4.4.06

THICKENING THE AIR I AM BREATHING

When my Mom died, her spirit vacated her damaged body, and she ASCENDED. She had earned her wings. Her passing also took me out of my small world - my old frame of reference -and far beyond the limitations of a world in which death is perceived as the end of a finite sentence.

But I didn't leave gently. I didn't fly. I was forcefully driven to vacate my old sense of being, whose inside walls were no longer recognizeable, and were in fact eroding faster than I could run.

Where I have been shuttled to at the speed of LOVE since her disappearance, walls do not exist. If they did, that would mean a wall of death between her and me. And separation is unacceptable. So I live with her now, in a world beyond the illusionary puzzles of physical realism.

In other words, I must live now in a place of complete contradiction.
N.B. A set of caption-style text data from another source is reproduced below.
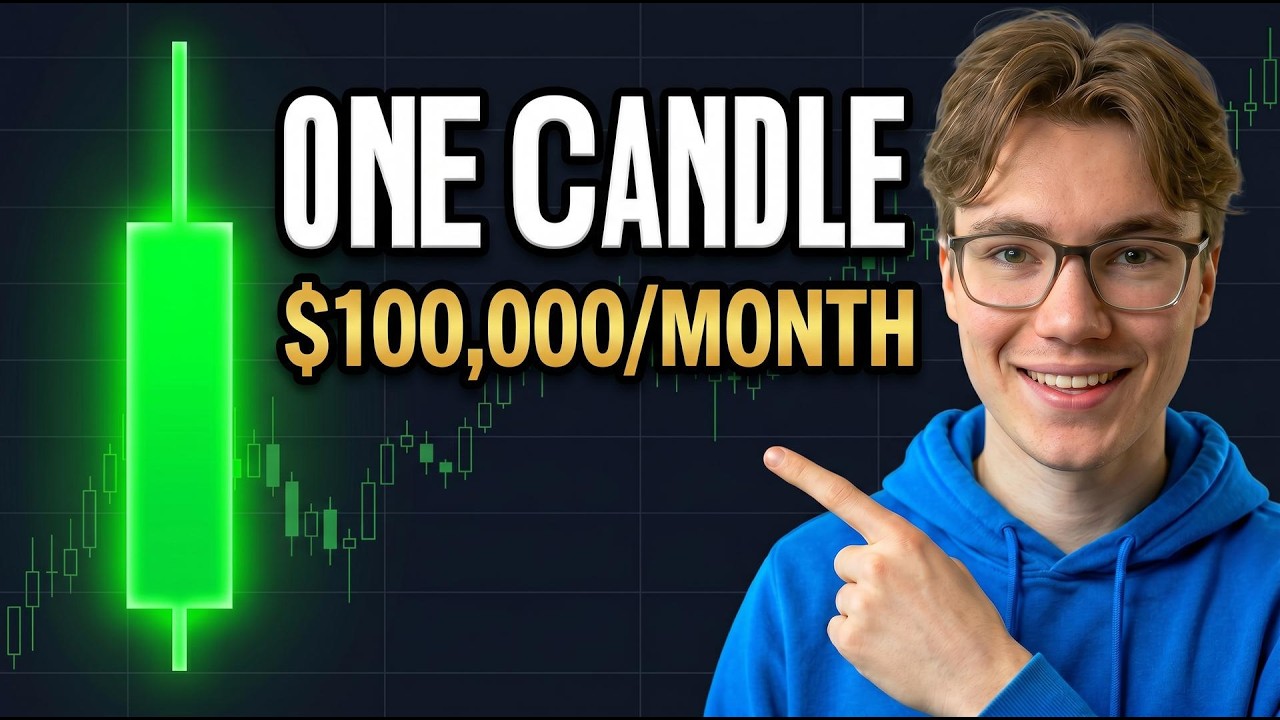 This ONE Candle Makes me $100,000+ PER MONTH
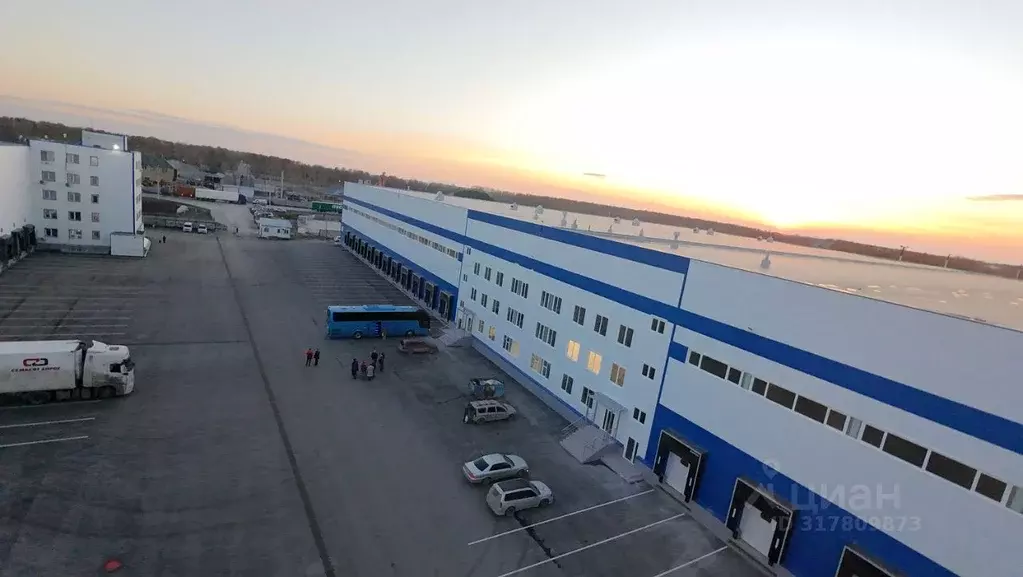 Склад в Новосибирская область, Обь тракт Омский, 1А (30562 м) - Фото 2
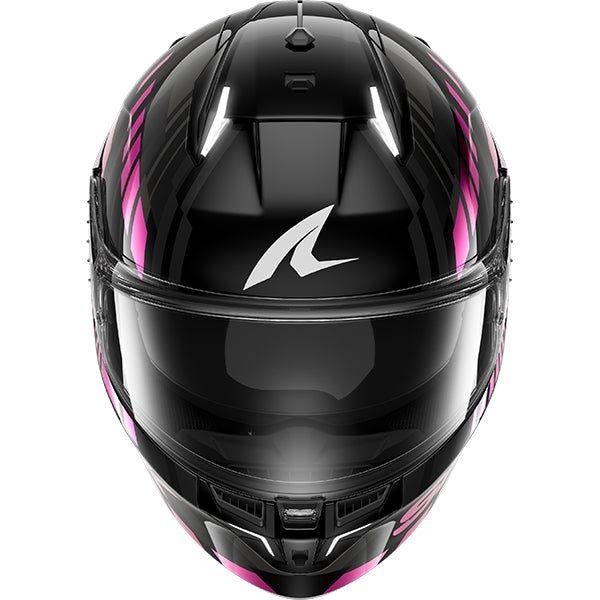 Shark Skwal i3 Vibetrack Black / Violet / Silver FREE UK Delivery, FREE 365 Day Returns | Moto Central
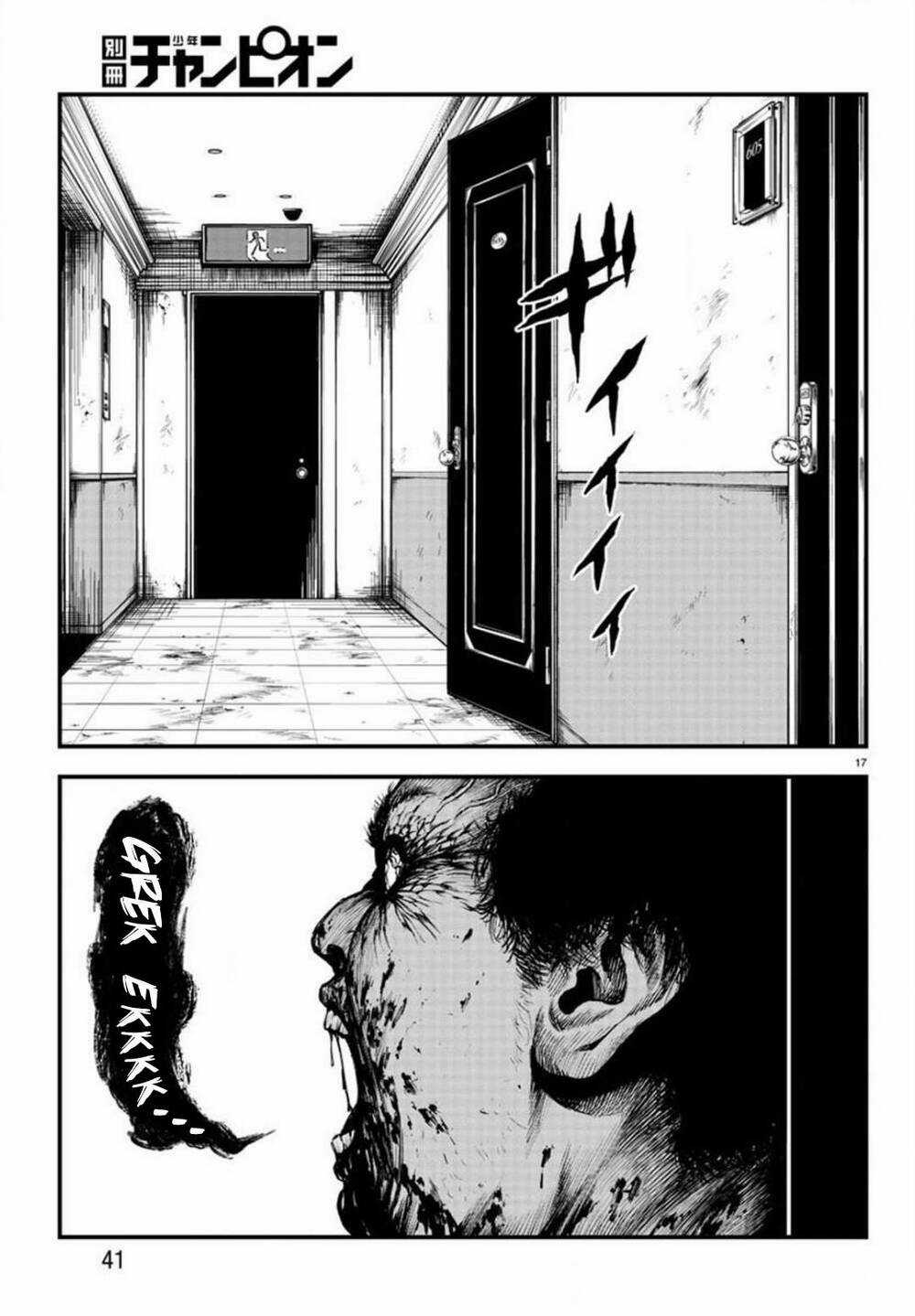 Fushi To Batsu: Đại Dịch Xác Sống Chapter 5 trang 15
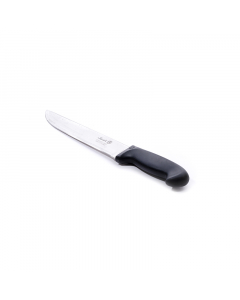 Black plastic hand knife size 8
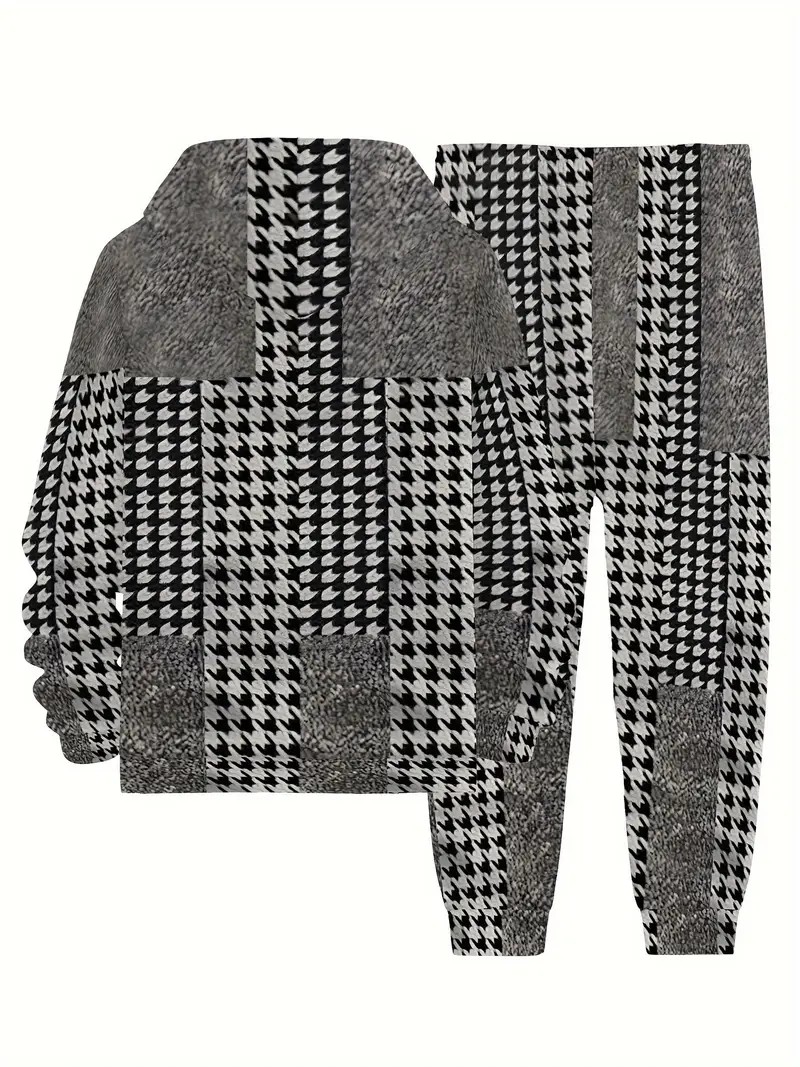 Conjunto de Sudadera con Capuc - Street Fashion In China reseña y precio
Where I should curl up and disintegrate for her absence in body, I will instead bloom beyond my human potential, and reach toward her greater presence in all things. I must not believe that she is lost, but rather, find her in the spaces between. She is no longer matter, but is the ether that binds all strings, waves, and particles; she is not what the eyes see, but what the heart knows. She thickens the air I breathe. She is not gone, but is RIGHT HERE WITH ME through this elemental breakdown; else I should never dream of surviving it. She has not left an empty space; rather, her LOVE fills in all holes. Among the most sacred of all Mothers, she would NEVER leave her childrens' hearts unprotected.

So even underneath the rubble and ash of these walls fallen down, I have no fear. For she holds us still, only now in arms more capable than hers were here; strong enough to elude the barriers of perception that tell us we are mere mortals in a simply finite world.

1 comment:

Tina said...

I wish I could see it that way. I try, but the holes gape too deep and black.